According to Russell and Airasian (2012), the most common type of evaluation that students receive in a typical classroom is grades. Grades provide a convenient summary of students’ performance, inform all interested parties of students’ achievement and provide grounds for making critical educational decisions. Furthermore, grades support the students’ administrative and registration purpose. Grades also help counsellors to provide guidance and motivations to students.
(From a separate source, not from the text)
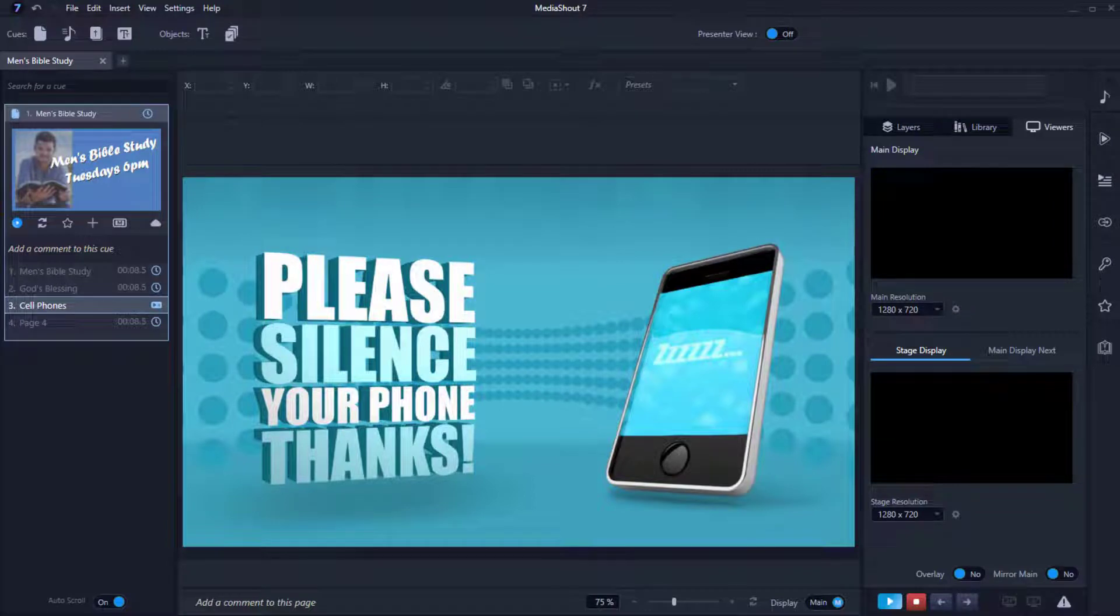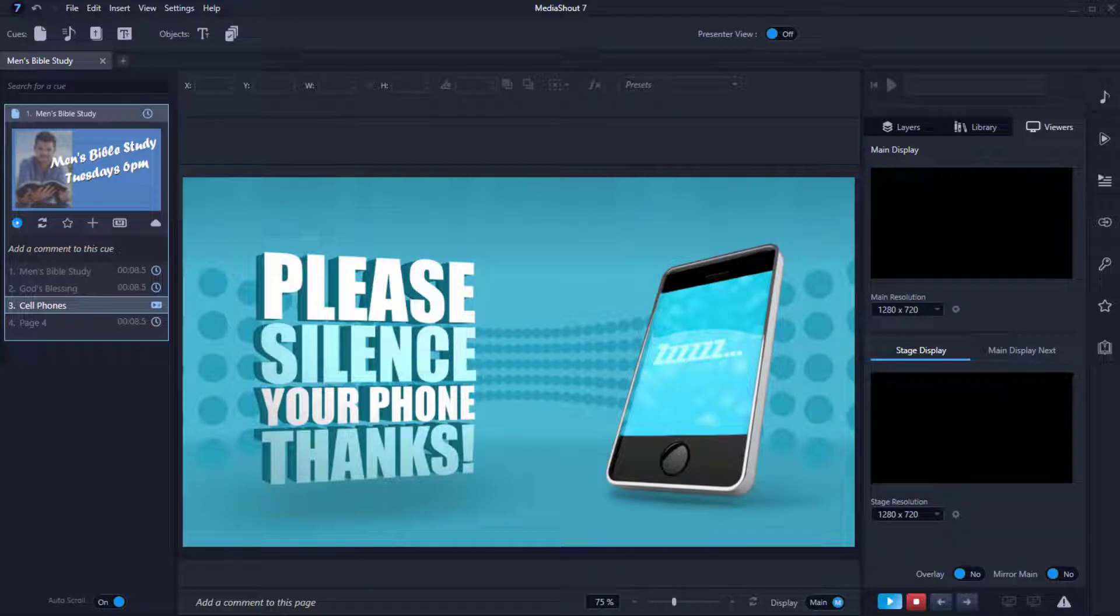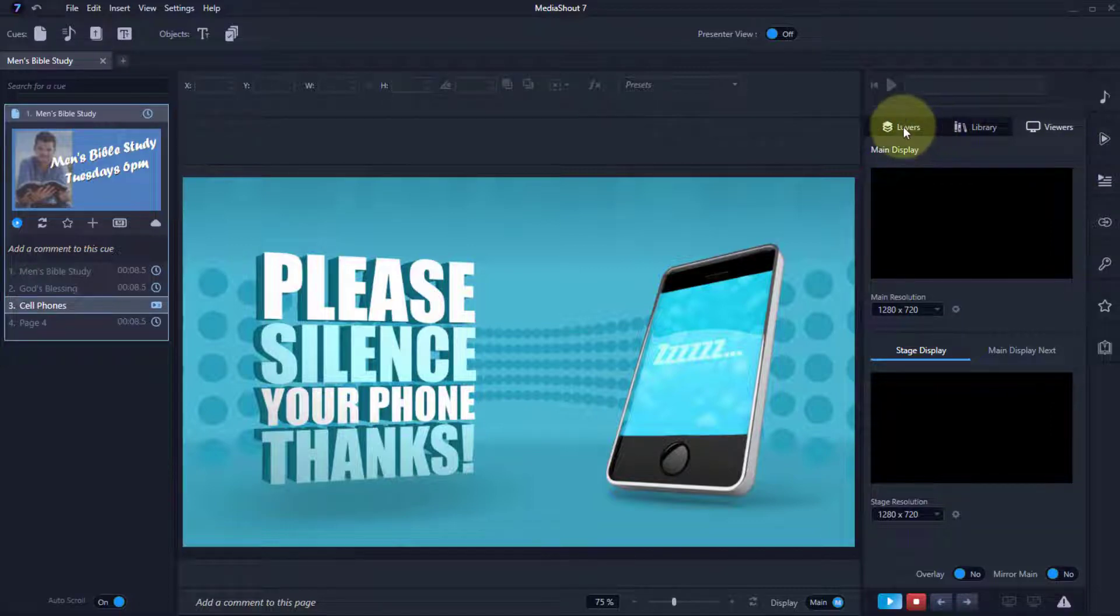Hi, I'm Adam with MediaShout Tech Support and Sales. Today in a minute, I'll be showing you all about layers in MediaShout 7. There are several kinds of layers, and you're able to access them here on your Layers tab.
In a study of the evaluation process of Iranian nursing students, Vaismoradi and Parsa-Yekta’s (2010) findings suggest that assessment of learning is highly correlated to the factual objectivity of the assessments grades. Hence, a proper evaluation can be an arduous task fraught with indecision and frustration. The main concern for students as well as their instructors is the lack of consistency and uncertainty in the traditional (human) evaluation process. Various types of errors related to the traditional evaluation process, such as the HALO effect, the gentle effect, the generosity error, the Pygmalion effect and the contamination effect, are further identified and explained in the works of Palea et al. (2017) and Stangl (2013). And while there is no suggestion in the literature that automating evaluation will remove all these problems completely, the authors of this paper believe that the automation of evaluation will most definitely reduce the likelihood of such problems. Consequently, applying digital/automatic grading can improve the objectivity of the assessment’s evaluation.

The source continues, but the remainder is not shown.